↓

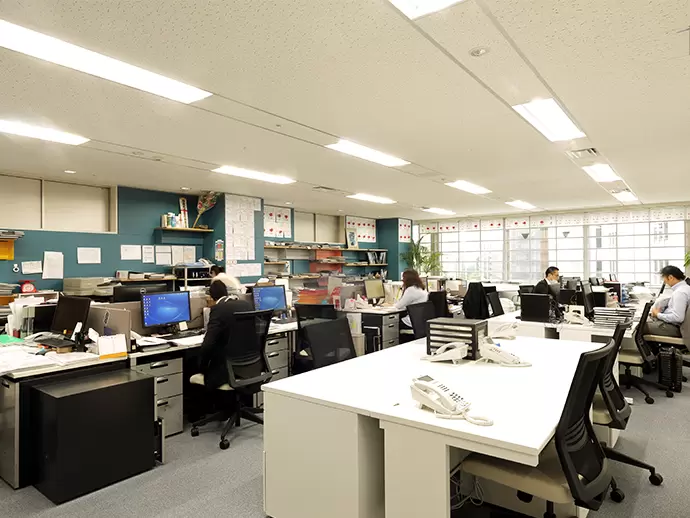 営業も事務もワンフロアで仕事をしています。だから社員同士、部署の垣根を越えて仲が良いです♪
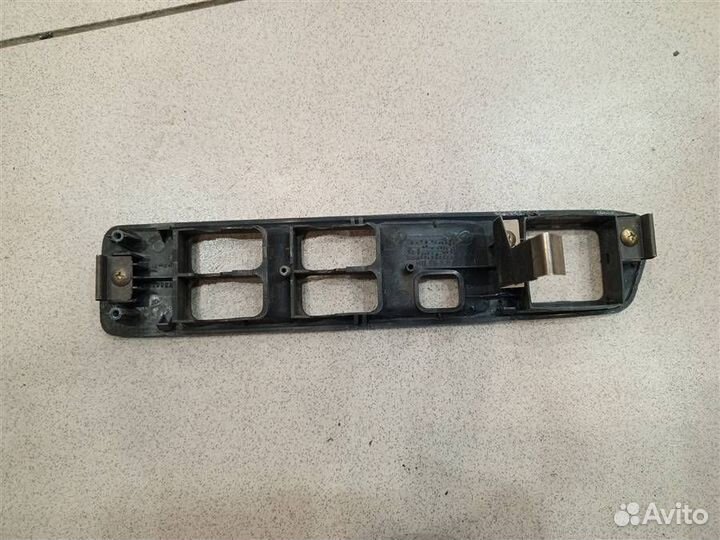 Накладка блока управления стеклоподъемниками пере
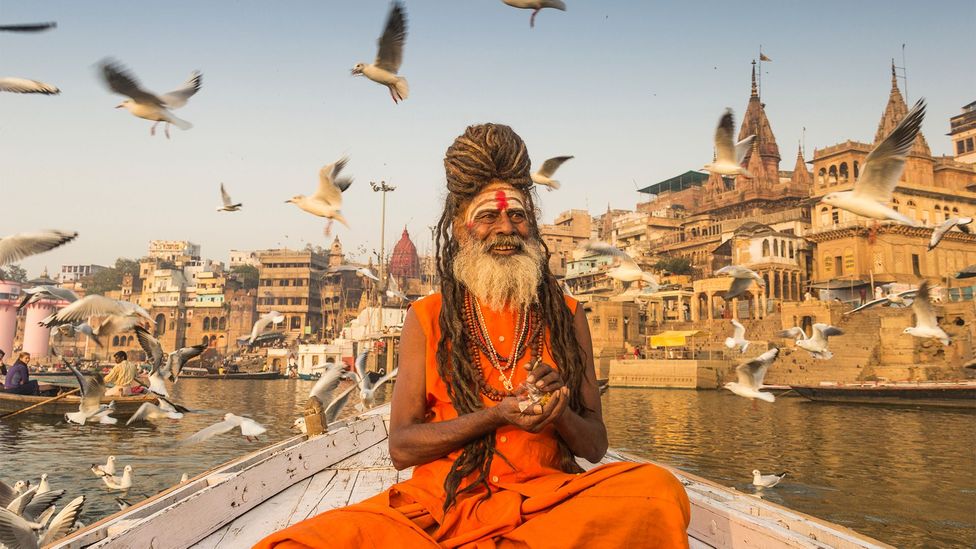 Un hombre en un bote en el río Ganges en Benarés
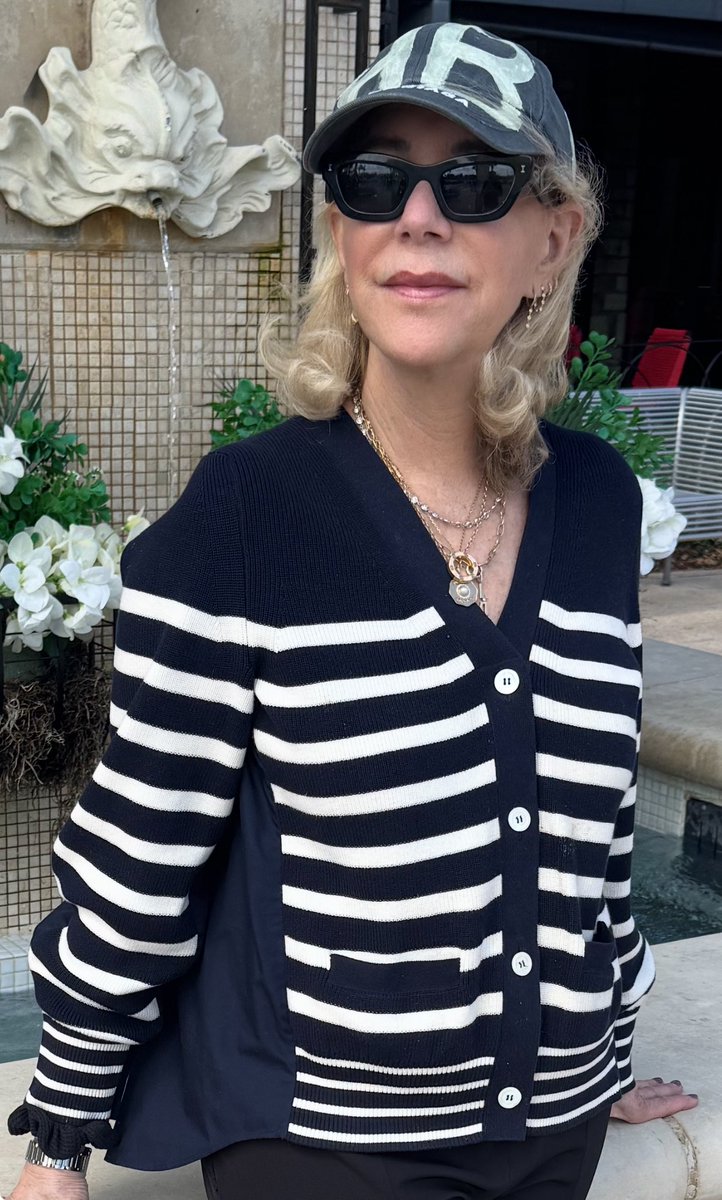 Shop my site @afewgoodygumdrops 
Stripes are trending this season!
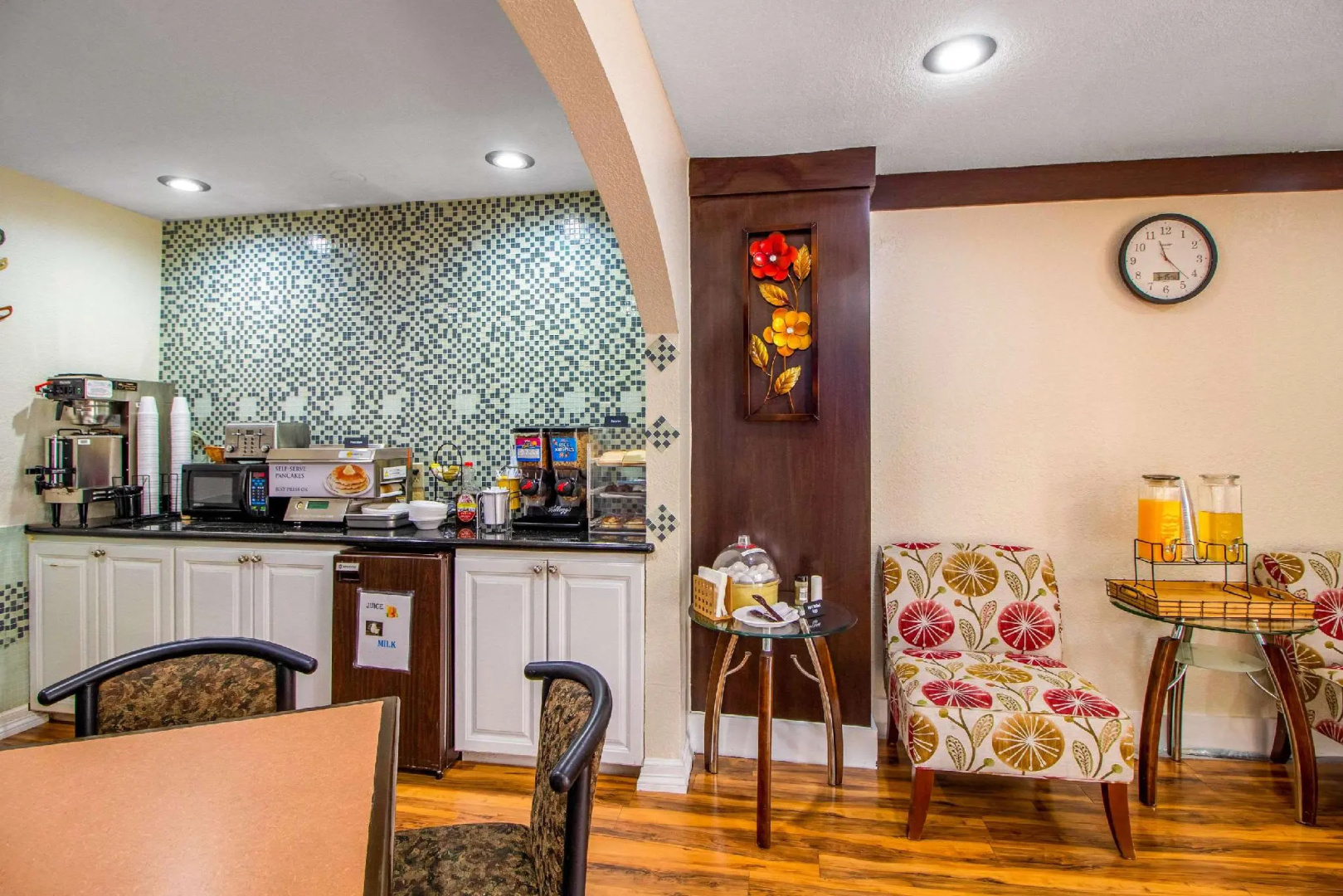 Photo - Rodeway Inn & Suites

↑

### TASK INSTRUCTIONS
Take the records above from the line with "Un hombre en" down to their last line and please copy those lines exactly, without the pictures.

### TASK OUTPUT
 Un hombre en un bote en el río Ganges en Benarés
 Shop my site @afewgoodygumdrops 
Stripes are trending this season!
 Photo - Rodeway Inn & Suites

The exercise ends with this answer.